YEREL SEÇİM İTTİFAKLARI 

 

CHP’de “Ekremciler”, “Kemalciler” tartışması yaşanırken 

AK Parti ve MHP yerel seçim çalışmalarına çoktan başladılar bile. 

İYİ Parti ise CHP’nin içindeki çatışmanın durulmasını bekliyor. 

Neden mi? 

İttifak için. 

İYİ Parti’ye yakın isimlerden aldığım duyum. 

Kılıçdaroğlu devam ederse. İYİ Parti Kılıçdaroğlu liderliğindeki CHP ile seçim ittifakına girmek istemiyor. 

İYİ Parti tarafından kamuoyuna “seçimlere tek başımıza gireceğiz” mesajı verilse de CHP ile il bazında yapılacak ittifaklara sıcak bakılıyor. 

Bunun en büyük nedeni ise İYİ Parti’nin hiç il belediyesinin olmayışı. 

İYİ Parti’nin CHP ile ittifak yapıp yapmayacağı ,“İmamoğlu”, “Kılıçdaroğlu” kavgasının son bulup, genel başkanın netleşmesiyle kesinlik kazanacak. Düelloda Akşener’in tercihi İmamoğlu’ndan yana. 

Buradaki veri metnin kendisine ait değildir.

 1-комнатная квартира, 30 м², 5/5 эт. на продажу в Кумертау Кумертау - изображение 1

CHP’deki çok bilinmeyenli “bilinmezlik” ve İYİ Parti’nin ortada kalmışlığı sürecin uzamasına neden oluyor. Bu durum ise haliyle AK Parti’nin işine yarıyor. 

Daha önce yazmıştım. İYİ Parti İstanbul’da CHP’ye destek verme karşılığında CHP’den Ankara’yı istiyor. 

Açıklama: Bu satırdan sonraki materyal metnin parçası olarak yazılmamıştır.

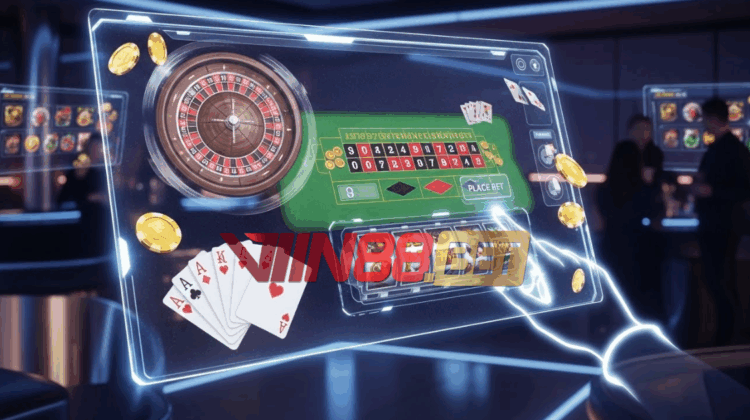 Win88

MHP’de ise her şey yolunda. 

Sular durgun. 

Yol haritası belli. 

Partinin Seçim sloganı bile hazır. 

MHP, “2024’e doğru Diyar Diyar Anadolu” mottosuyla belediye seçimlerine girecek. 

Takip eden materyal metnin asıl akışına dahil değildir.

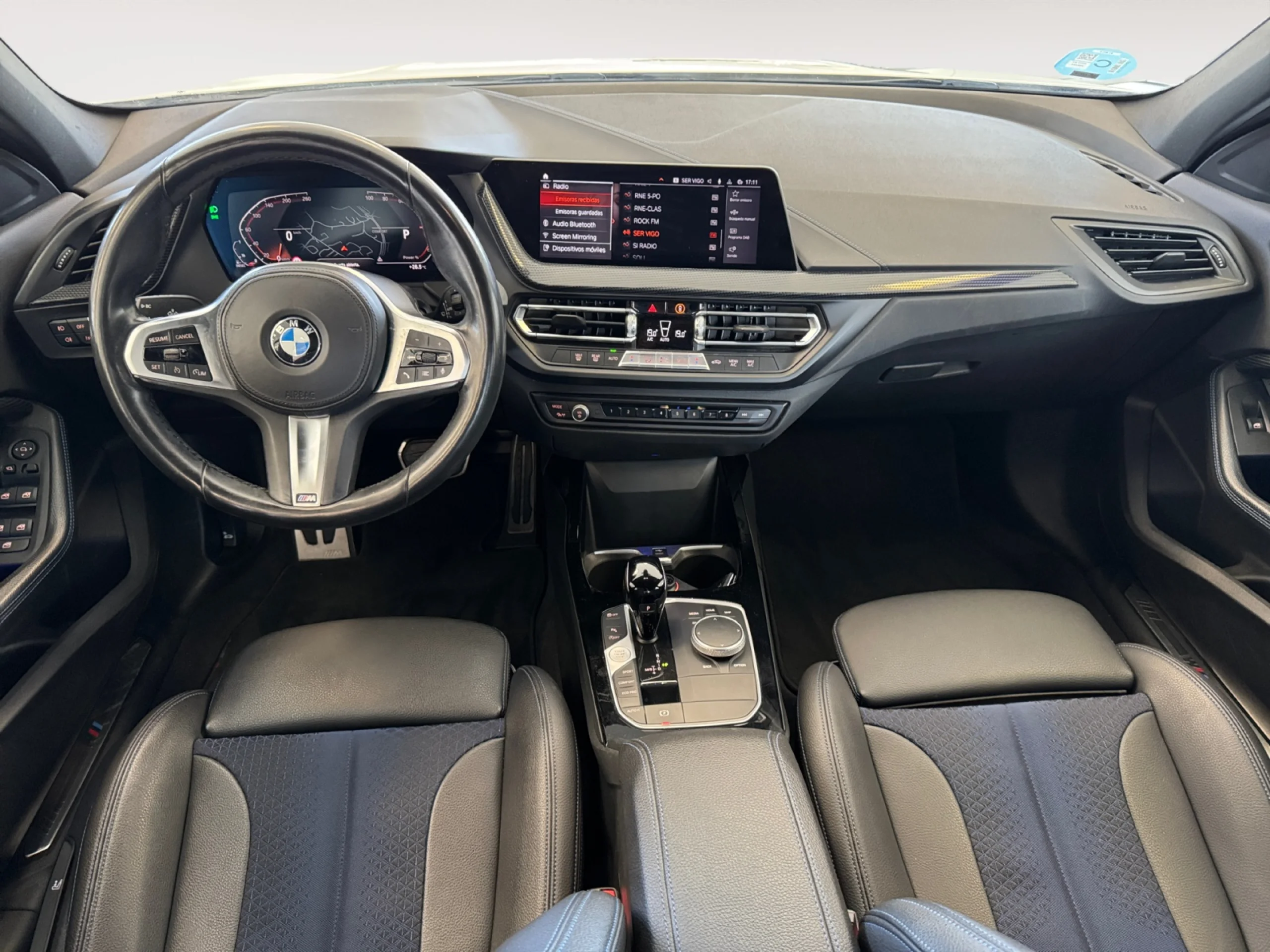 BMW SERIE 1 118D - Foto 4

Erdoğan ve Bahçeli henüz ittifak için bir araya gelmedi. 

Aldığım duyumlara göre iki lider ittifak buluşması için meclisin açılmasını bekliyor. (Ekim ayı) 

İttifakın çerçevesi bu görüşmeden sonra çizilecek. 

AK Parti ve MHP’nin tüm büyük şehirlerde ittifak yapması bekleniyor. 

2019 seçimlerinde olduğu gibi, Mersin, Adana ve Manisa büyükşehir belediyelerinin MHP’ye bırakılması çok olası. 

Ankara, İstanbul, İzmir, Antalya ve Eskişehir gibi illerde ise MHP koşulsuz olarak AK Parti’yi destekleyecek. 

AK Parti ise tıpkı MHP gibi yerel seçim çalışmalarına çoktan başladı bile. 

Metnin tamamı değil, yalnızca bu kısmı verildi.